• [Collected material]:
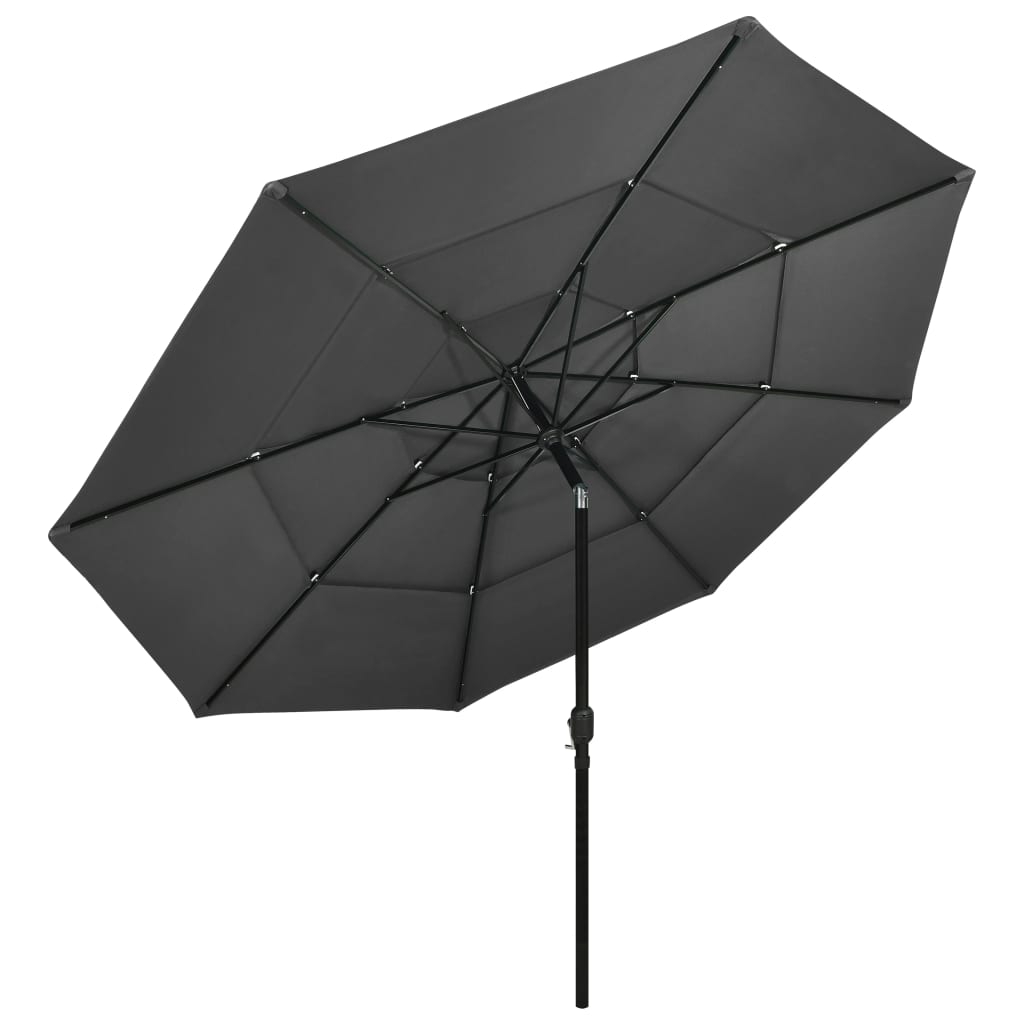 vidaXL Umbrelă de soare 3 niveluri, stâlp de aluminiu, antracit, 3,5 m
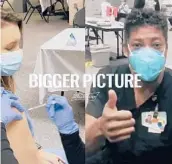  ?? BUDWEISER ?? Two health care workers are shown getting vaccinated in an advertisem­ent Budweiser is running before Super Bowl LV in Tampa.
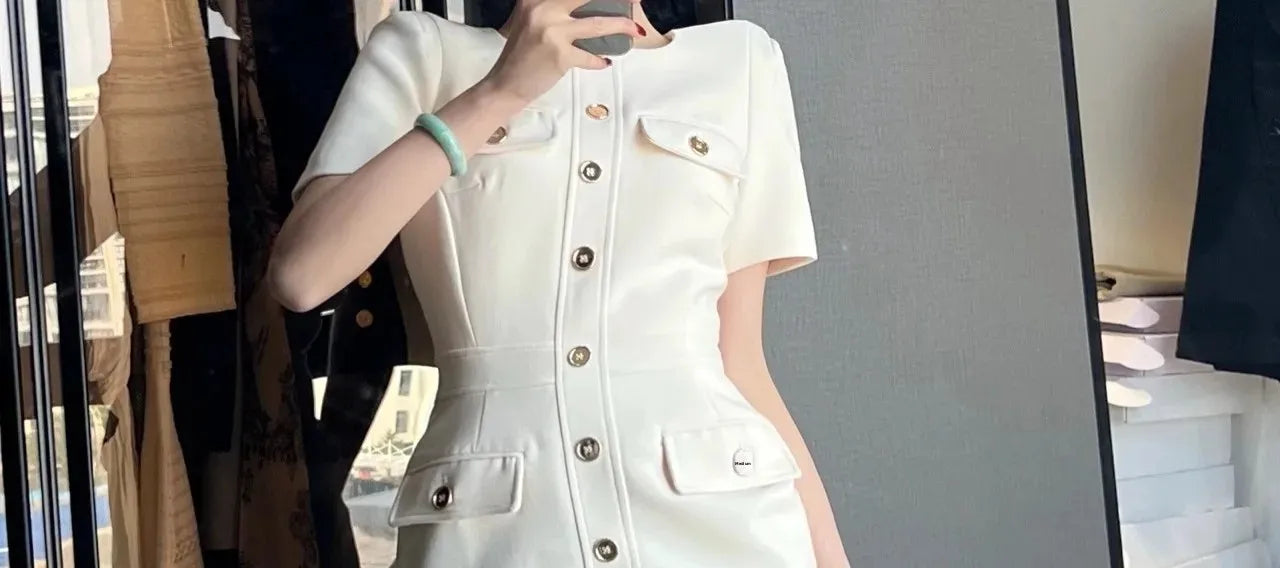 Vestido Branco Elegante Bodycon - Look Seoul Glam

• [Problem to work on]: Could you set down the data exactly as given, minus its pictures?

• [Answer section]:
 vidaXL Umbrelă de soare 3 niveluri, stâlp de aluminiu, antracit, 3,5 m
  ?? BUDWEISER ?? Two health care workers are shown getting vaccinated in an advertisem­ent Budweiser is running before Super Bowl LV in Tampa.
 Vestido Branco Elegante Bodycon - Look Seoul Glam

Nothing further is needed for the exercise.